Ha sido demostrado, en más de una ocasión, que las intenciones de Yadhira tienen dolo, al mentir deliberadamente, insinuando que Leticia no lleva a sus hijos a la prisión a visitar a su padre — y esto lo ha aclarado en más de una ocasión: es él quien tiene que solicitar la visita a través de sus abogados y es él quien no lo ha hecho, del mismo modo que él puede comunicarse directamente con ambos sin tener que pasar a través de Calderón y no lo ha hecho —.

Según la misma Leticia, Collado se hizo cargo de todos los gastos de manutención y educación de sus hijos, pero siempre fue un padre ausente — aún cuando estaban juntos — debido a sus múltiples actividades laborales y personales (incluyendo una relación extramarital con la modelo y presentadora de TV Edith Serrano, que reveló Carrillo con la intención de exculparse del cargo ante la corte de la opinión pública que la acusaba de haber perjudicado en propio beneficio la relación de su examiga y el abogado, que de por sí había quedado frágil cuando nació Luciano, el hijo mayor, con Síndrome de Down, algo que el orgullo personal de Collado no habría podido resistir y fuera la cuarteadura que llevó a una ruptura años más tarde.
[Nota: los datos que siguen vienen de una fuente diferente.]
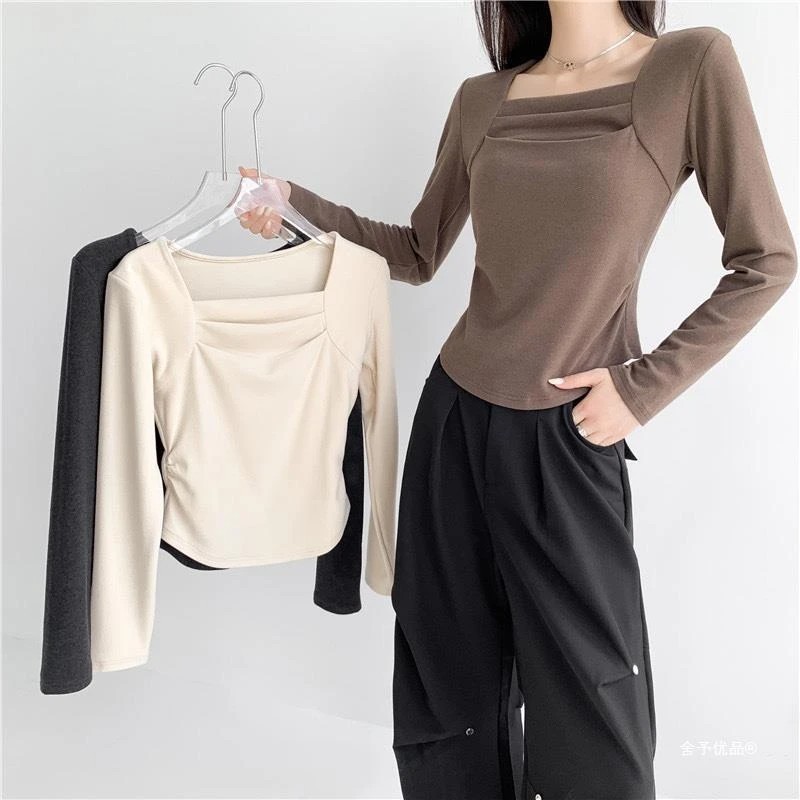 方領保暖上衣 德絨發熱材質 內刷毛 褶皺設計 收腰修身 長袖T恤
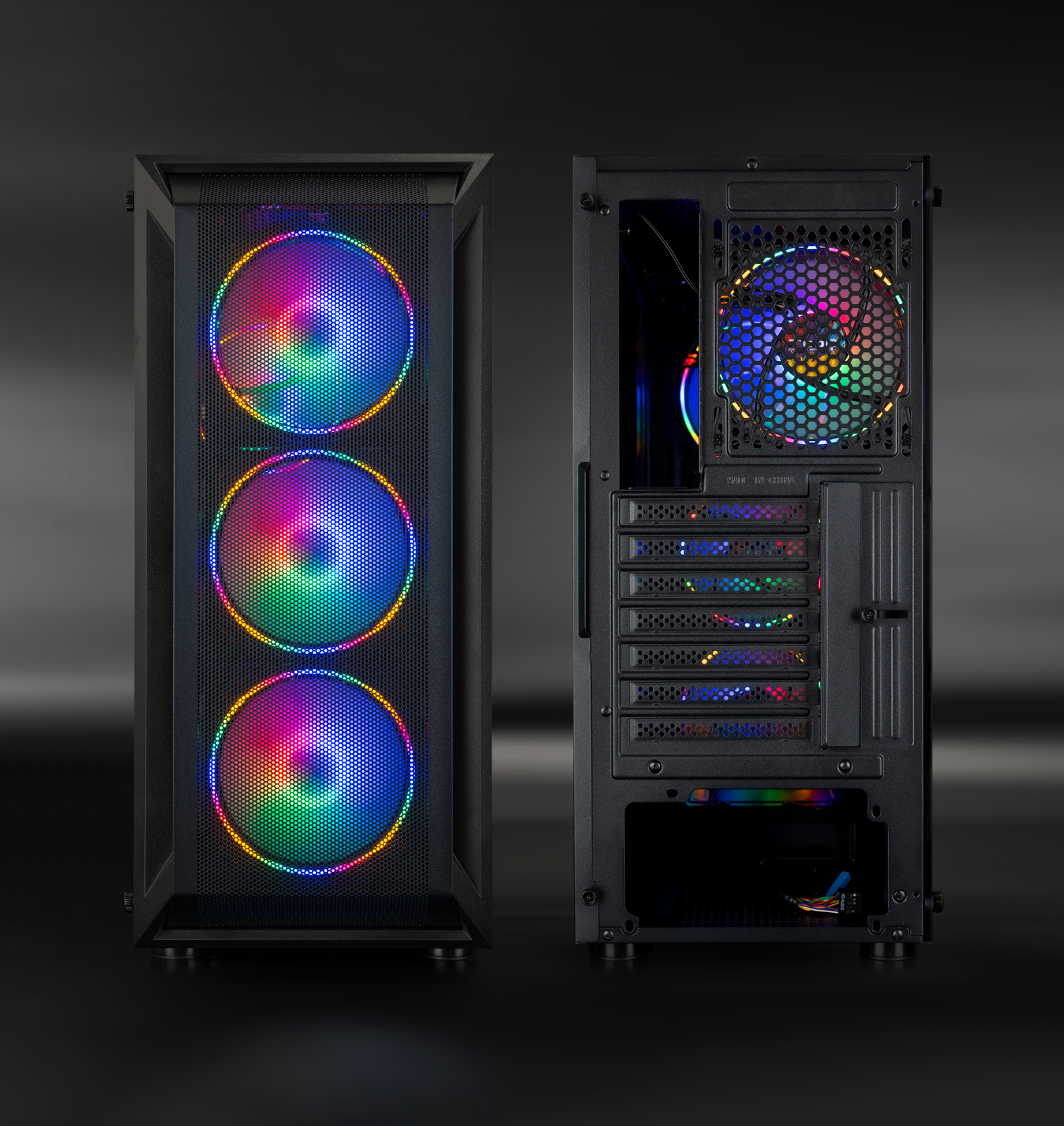 Computerbehuizing met drie ventilatoren met regenbooglichten, de binnenkant is zichtbaar. Het is zwart met een mesh voorkant.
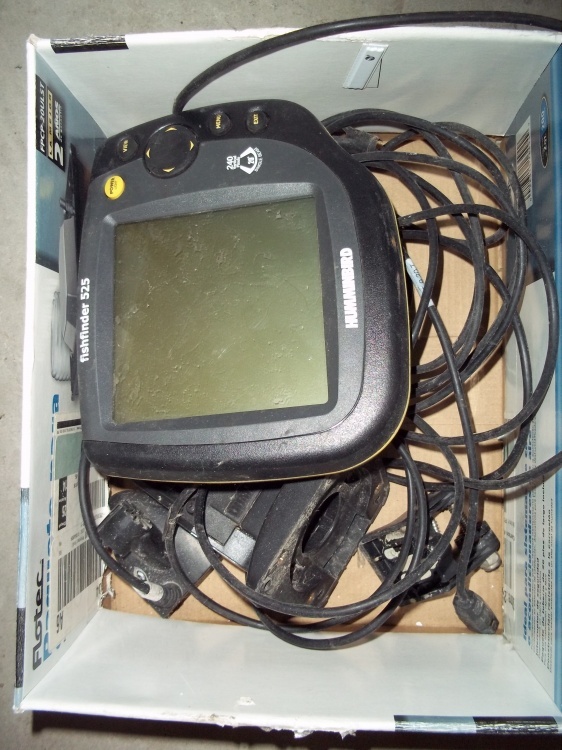 Hummingbird fisherman 525 depth finder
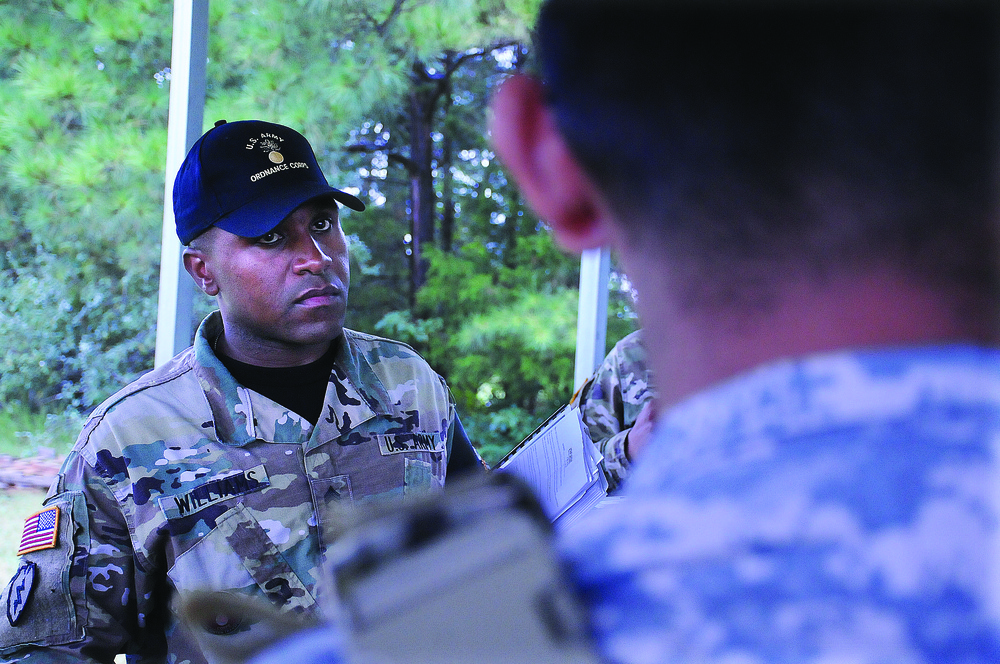 Learning by layout -- Soldiers use sand tables to configure field ammunition facilities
Otra cosa que Leticia desmintió contundentemente a cámara fue que Yadhira frecuente su hogar o que tenga relación con sus hijos, ya que esta es aún menos frecuente que el contacto que Luciano y Carlo tienen con su padre: “De hecho, con todo el respeto, tampoco la quieren ver. No es una persona allegada a ellos. No conviven con ella [...] A mis hijos le he exigido respeto [para con Carrillo], hace varios años fueron a su casa y pedí que la respetaran”.
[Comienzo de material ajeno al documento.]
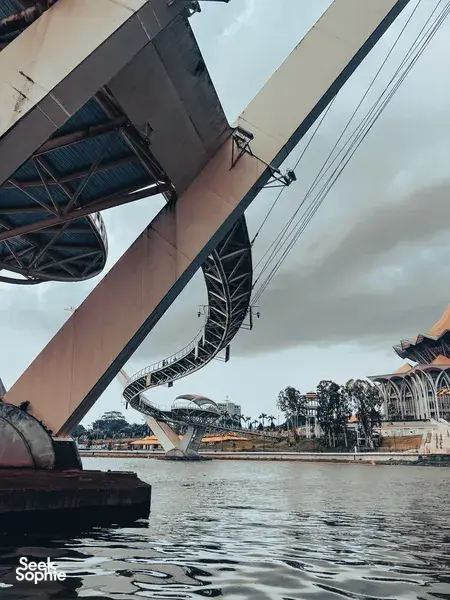 Kuching Bike Tour | Highlights, Boat Ride & Food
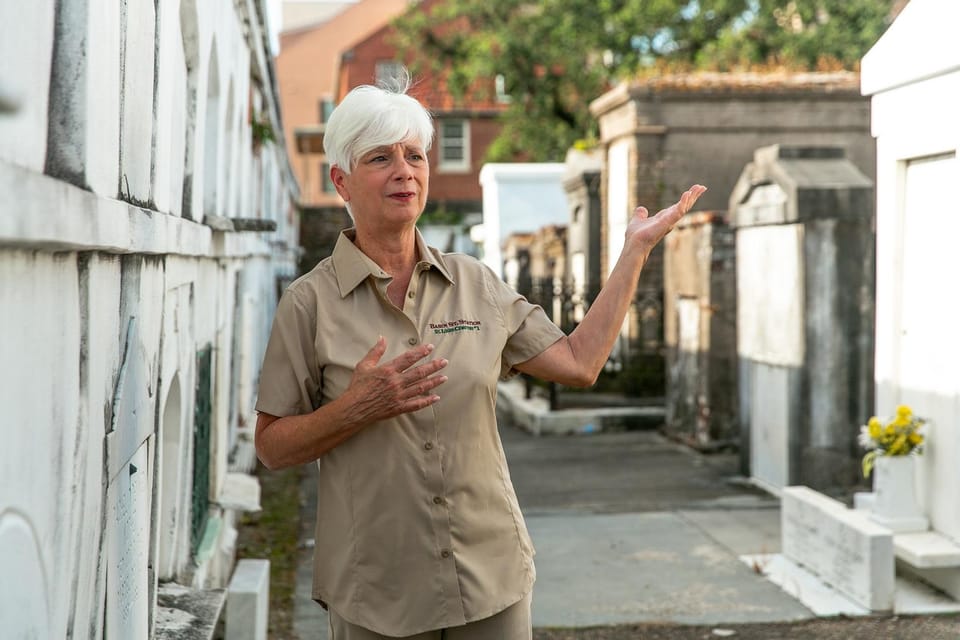 New Orleans, St. Louis Mezarlığı'nın İçinde Yürüyüş Turu No. 1 - Hizvo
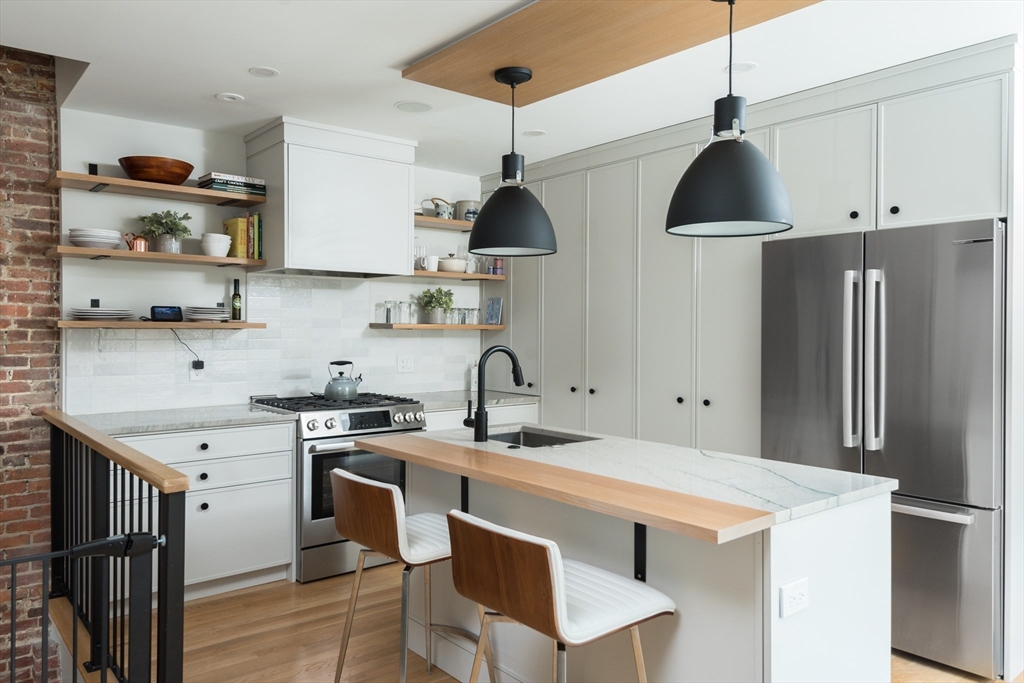 84 H St # 1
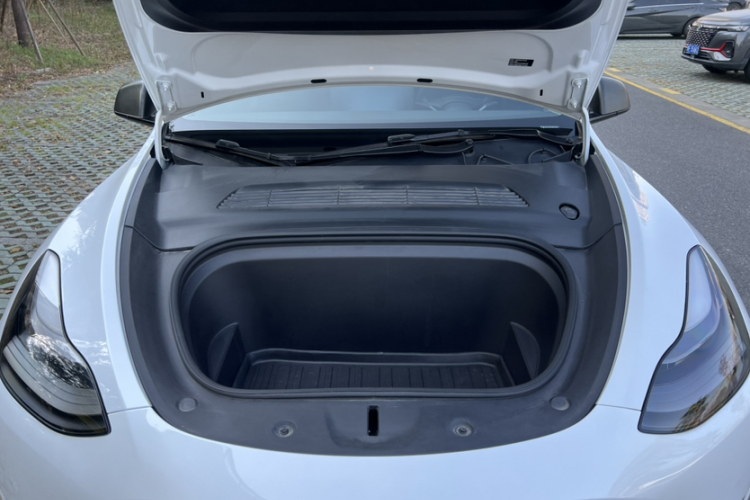 特斯拉 Model Y 2022款 后轮驱动版局部细节24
Es inexplicable este fenómeno, la repetición constante de mentiras al respecto de una presunta “buenas amistad” entre Carrillo y Calderón, quien siempre ha sido clara al rechazar sus dichos respetuosamente, mientras que la hidrocálida insiste de manera obsesiva. Yadhira parece haber perdido la proporción de las cosas y para mantenerse en el reflector se humilla públicamente y abusa de Calderón, quien siempre, en 38 años de carrera, ha procurado evitar escándalos y ha sido invariablemente honesta y directa con la prensa, evitando catalogarse como una víctima, aún ante la circunstancia de que el padre de sus hijos sea un delincuente convicto.

Tal vez lo mejor que la Carrillo podría hacer, si tiene esta desesperada necesidad de llamar la atención, es revivir su carrera en los melodramas, que abandonó hace 13 años. Seguramente encontraría un amplio escenario para satisfacer su morboso antojo por hacer drama, a la menor provocación, dejando así a Leticia y sus dos hijos (que son menores y a quienes Carrillo no tiene derecho de andar exhibiendo) por fin en santa paz.